The indictment in this case charges defendant, a practicing attorney, with nineteen counts of mail and wire fraud, 18 U.S.C. §§ 1341, 1343, 2 (Counts 1-19), nine counts of aiding and abetting the submission of false statements to obtain Social Security cards, 18 U.S.C. §§ 1001, 2 (Counts 20-28), one count of forgery and alteration of documents relating to the registry of aliens, 18 U.S.C. §§ 1426(a), 2 (Count 29), and one count of selling and disposing of forged documents relating to the registry of aliens, 18 U.S.C. § 1426(b) (Count 30).
In essence, defendant is charged with operating a scheme whereby he promised, for a fee, to obtain "employment authorization" for nonimmigrant aliens, which would allow them to remain in the United States and work pending an application for permanent resident alien status. The Government claims that defendant knew that none of these nonimmigrant aliens were entitled to "employment authorization" under the immigration and naturalization laws. The Government also charges that defendant prepared and caused to be prepared false Immigration and Naturalization Service ("INS") rubber-stamp impressions on certain INS I-94 forms and the aliens' passports. Defendant's purpose in causing such false "employment authorization" endorsements, according to the indictment, was that the fraudulent documents would be used by the aliens to work and remain illegally in the United States. Finally, the indictment charges that defendant aided the aliens involved in presenting the falsified documents to the Social Security Administration in support of applications for Social Security cards.
Beginning at 9:00 a.m. on April 8, 1981, INS Criminal Investigator Andrew C. Simon and four other INS agents searched defendant's law office at 551 Grand Street in Manhattan pursuant to a search warrant issued on April 6 by Magistrate Sinclair.
The agents' primary objective was to locate a counterfeit INS "employment authorization" rubber stamp. They also sought an appointment book and office diary, some black pens, and various documents relating to the immigration status of sixteen Filipino nationals whose names were set forth in an exhibit to a rider attached to the warrant. The rider mentioned the following specific property to be seized:
An immigration employment authorization stamp; a stamp pad (blue/purple ink) and other containers of blue/purple ink; a pen desk set (black ink) and any other black ink pens; an appointment book and office diary for period prior to 4/6/81; blank immigration forms; all records and documents relating to the immigration status or INS work status or any immigration petition, document or utterance filed in behalf of and relating to those Philippino (sic) Nationals listed on Exhibit A to this "Rider," including receipt book entries and other records of office receipts and payments for services rendered in connection therewith.
Defendant was alone in the office when the agents arrived. After defendant read the search warrant, Simon asked him if he would assist the agents in locating the items set forth in the rider. Defendant declined and the agents commenced the search. The office consisted of one room, approximately thirty by fifteen feet, and contained filing cabinets, shelves, office machines, law books, two desks and a television set. One agent took several photographs of the premises before the search began showing the contents of the office. Simon testified and the photographs show that hundreds of papers and other documents were strewn about the office, especially on defendant's main desk.

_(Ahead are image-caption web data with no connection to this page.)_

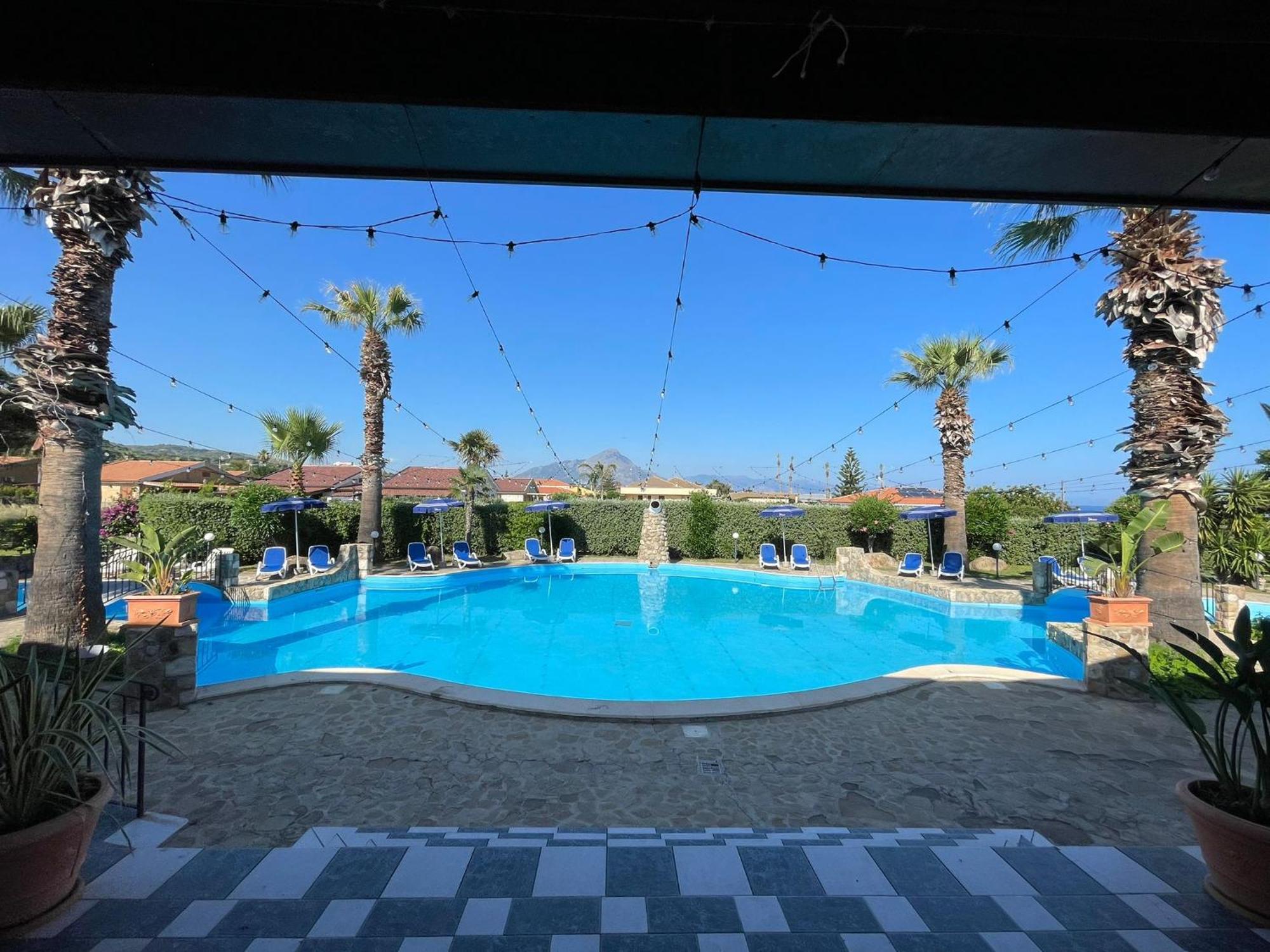 Soleada Club Aparthotel Campofelice Di Roccella Exterior foto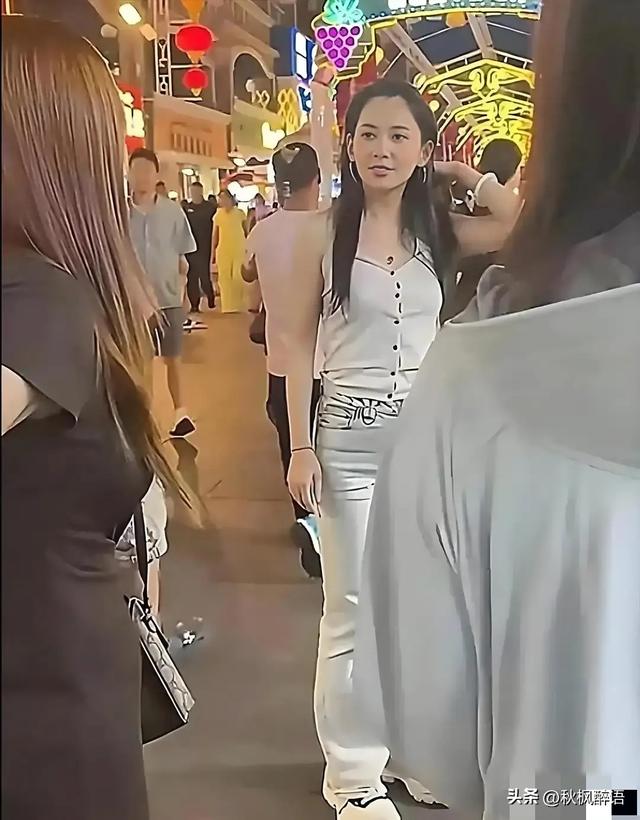 汪峰女友森林北新疆被偶遇，臀腰比超绝，难怪汪峰被迷的无法自拔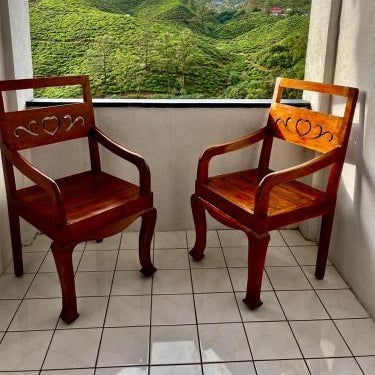 Hotel Silver Falls - Your Cozy & Budget-Friendly Escape in Nuwara Eliya!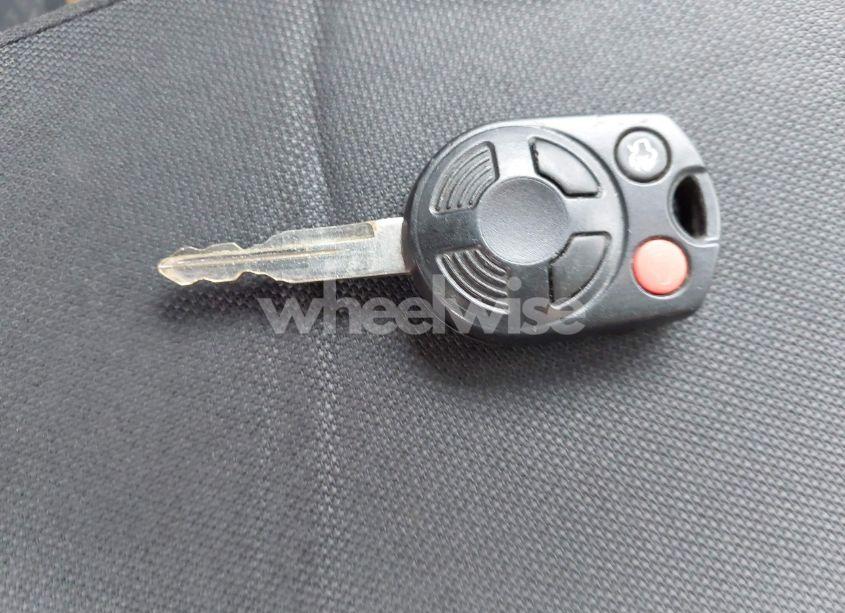 Photo 11 of 2011 Ford Escape XLT (VIN 1FMCU9DG9BKA30856)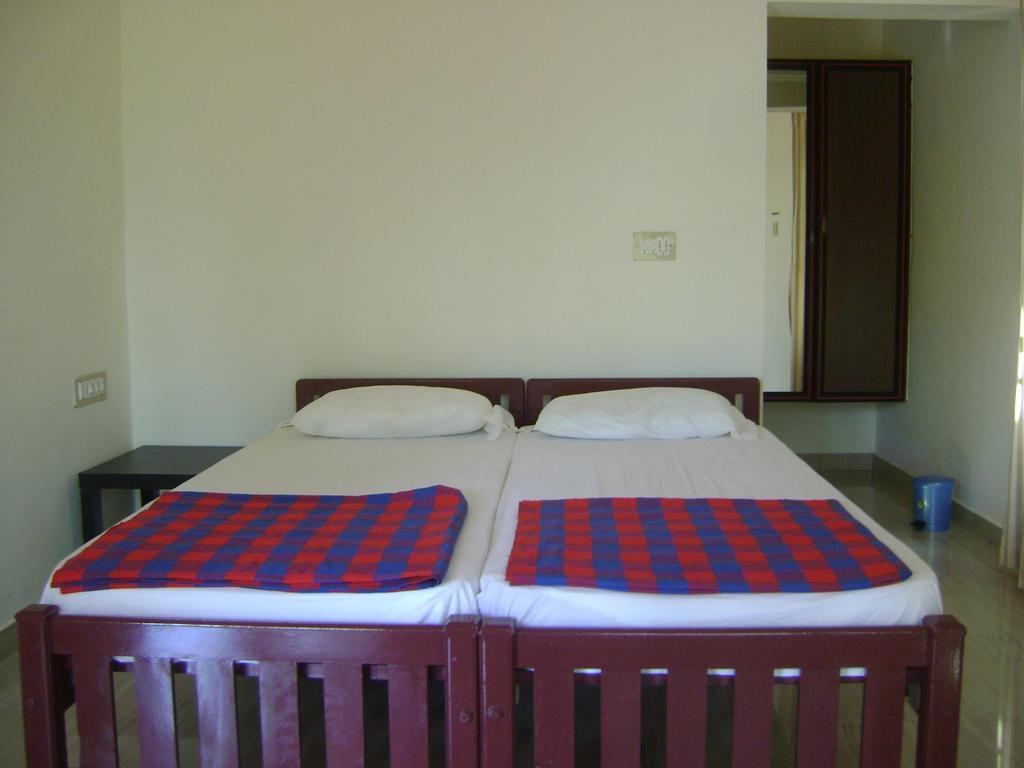 Ivory Coaste Hotel Kannur Bagian luar foto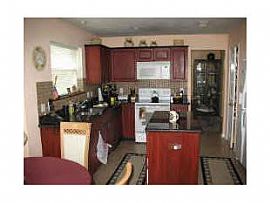 Beautiful 3 Bedroom Home with Stunning View in Sugar Land, TX (Photo 2 of 2)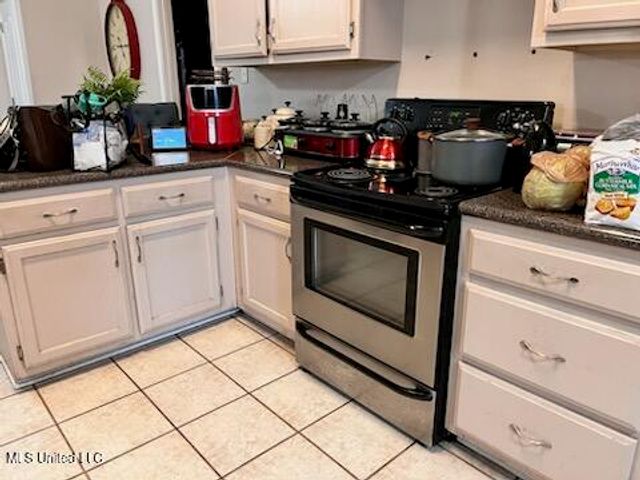 9091 Hunters Ridge Drive, Olive Branch, MS 38654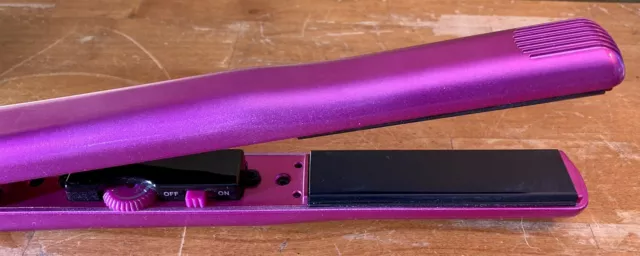 GVP Generic Value Products Hot Pink ION Ceramic Flat Iron 1 Inch Barrel TESTED 3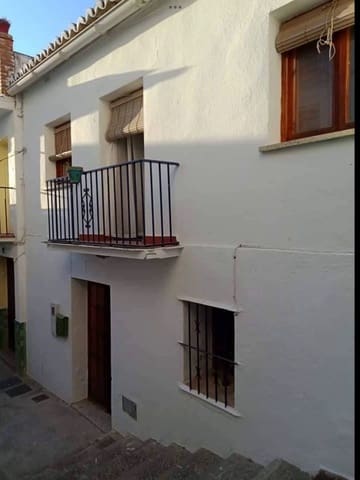 Casa de 3 habitaciones en Alozaina en venta - 130.000 € (Ref: 7422773)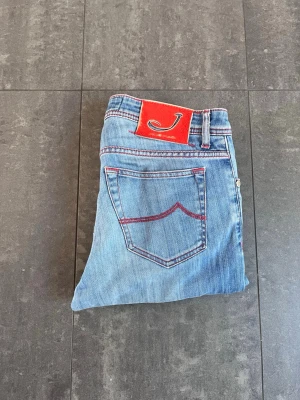 Jacob cohën 688 - Jacob cohën jeans i modellen 688. Fint skick. Storleken är 32. 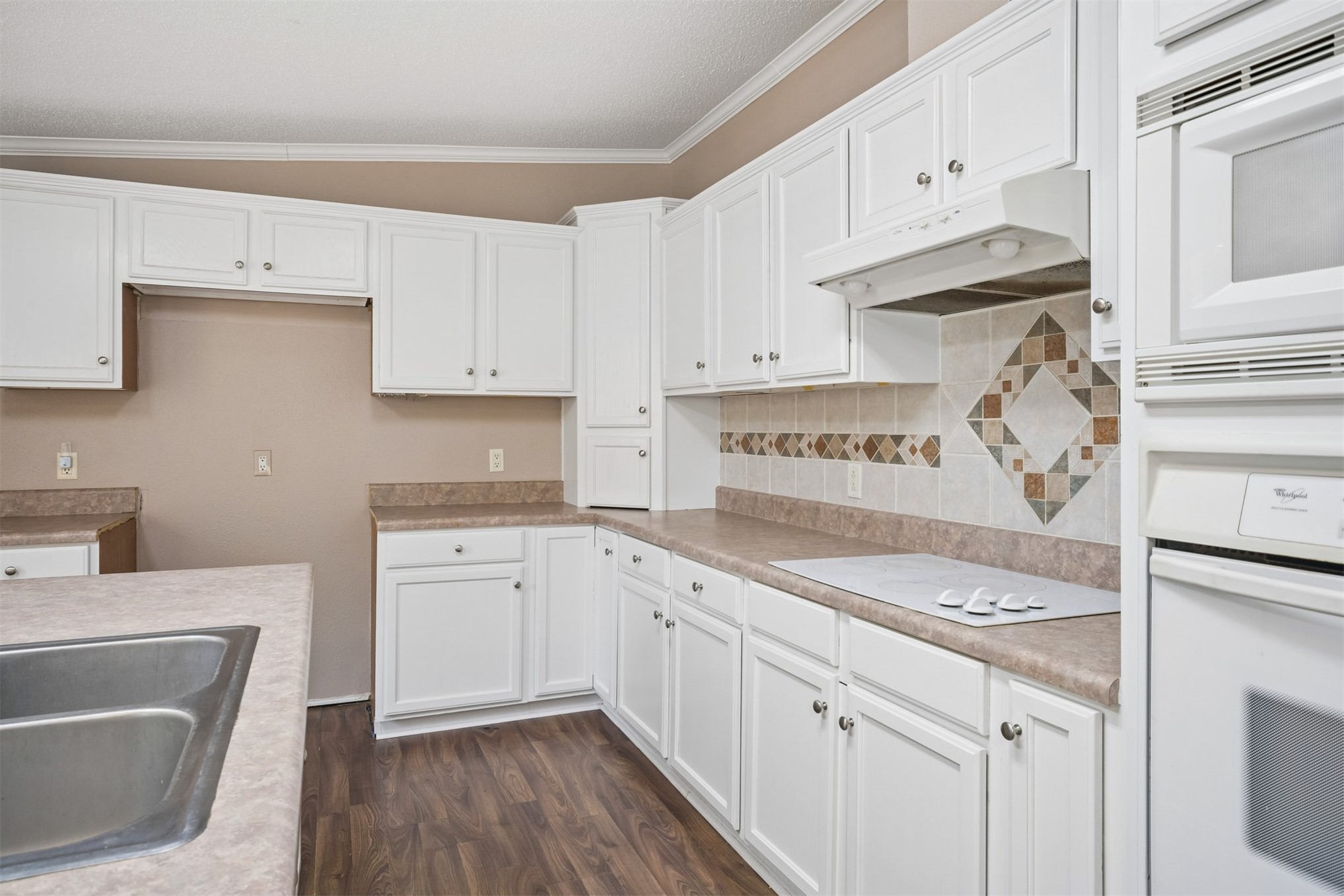15575 Beaumont Place Property Photo 10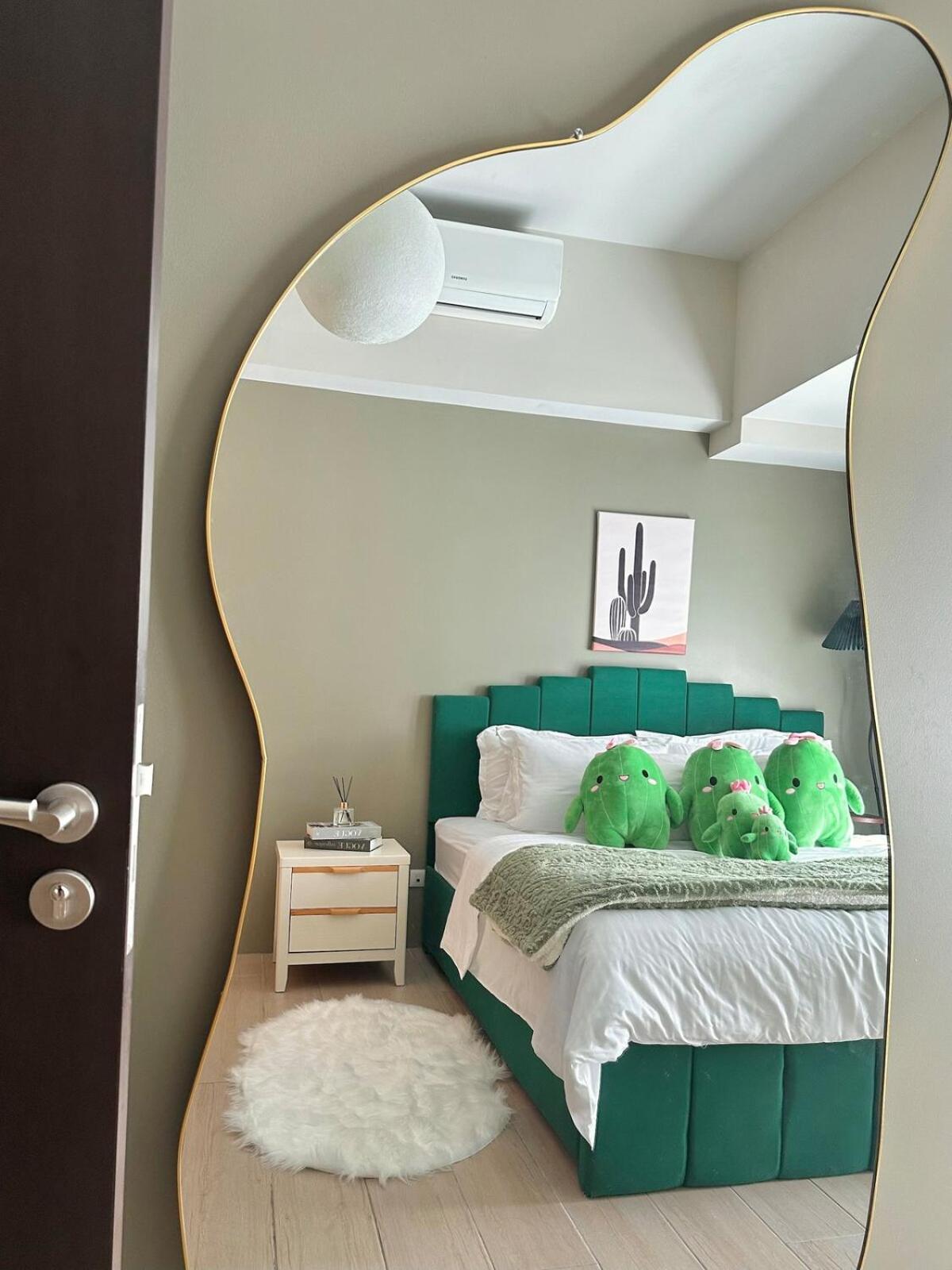 Apartment King Size 3-bedroom In Uptown Parksuites Bgc *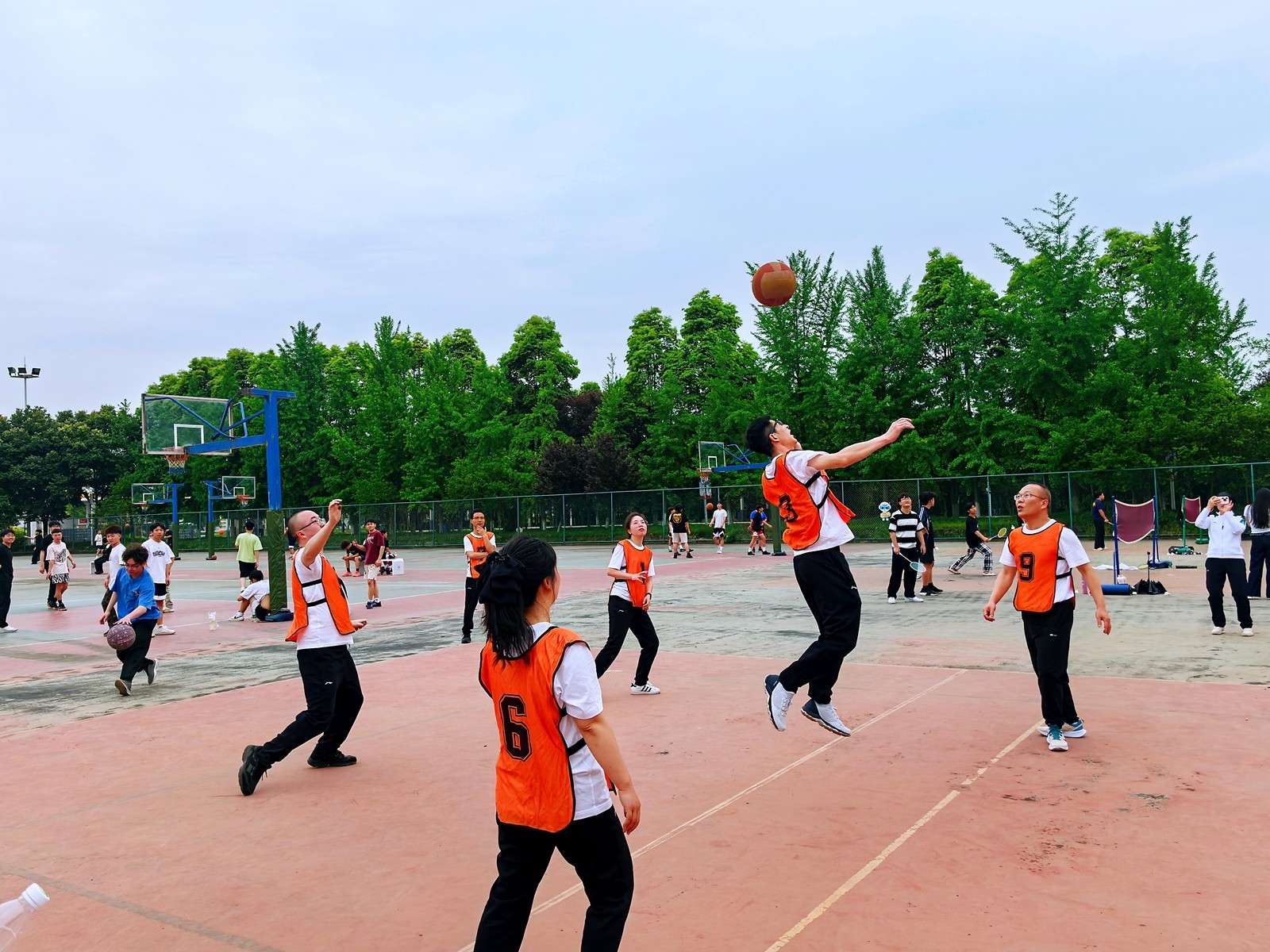 综合二分工会  激烈的排球赛  张晓荔 (2)_副本.jpg
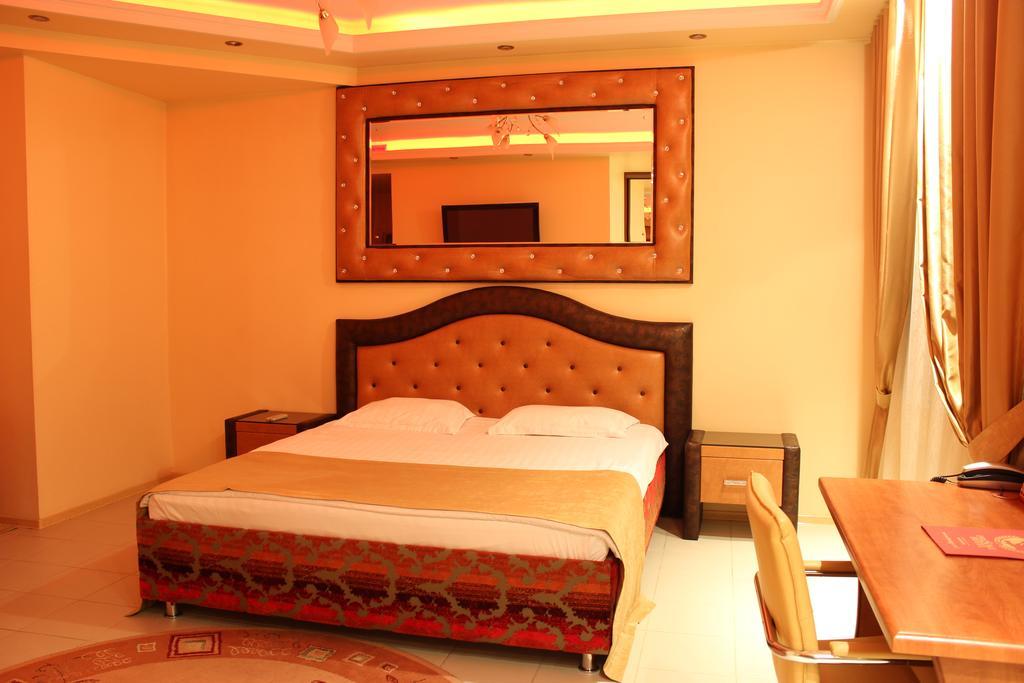 Prestige Apart-Hotel Chisinau Ngoại thất bức ảnh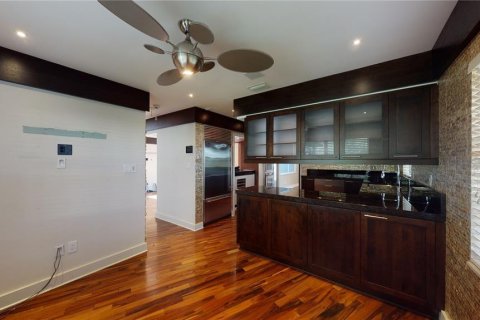 House in SOUTHERN PINES in Tampa, Florida 3 bedrooms, 193.33 sq.m. № 2103928 - photo 26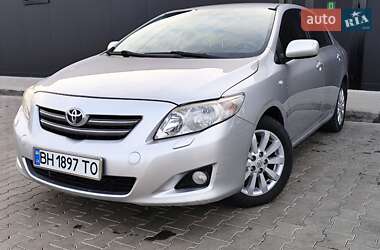 Седан Toyota Corolla 2010 в Одессе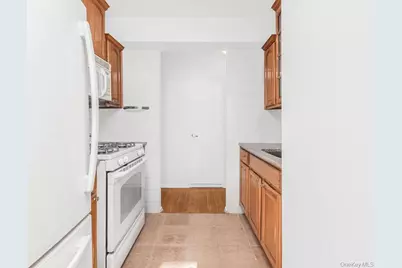 1110 Stadium Avenue #5F, Bronx, NY 10465 - Photo 7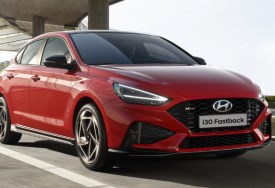 هيونداي i30 فاستباك الجديدة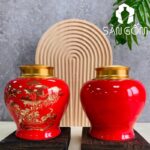 Hũ đựng trà gốm sứ dáng chóe màu đỏ họa tiết tùng hạc SG-BĐT57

The Court credits the testimony of Agent Simon with respect to the manner in which the agents conducted the search. Simon testified that he and one other agent first searched defendant's main desk in its entirety, and then searched several metal and wooden filing cabinets next to the desk. The cabinets contained hundreds of legal-size files, some with names written on them and some without. Simon either reached into or tapped the outside of the files with names looking for the employment authorization stamp, which he thought would be approximately one and one-half inches wide with a one and one-half inch handle. He did not read the documents inside those files. If, however, a file had no name, he glanced at its contents until he could determine to whom it related.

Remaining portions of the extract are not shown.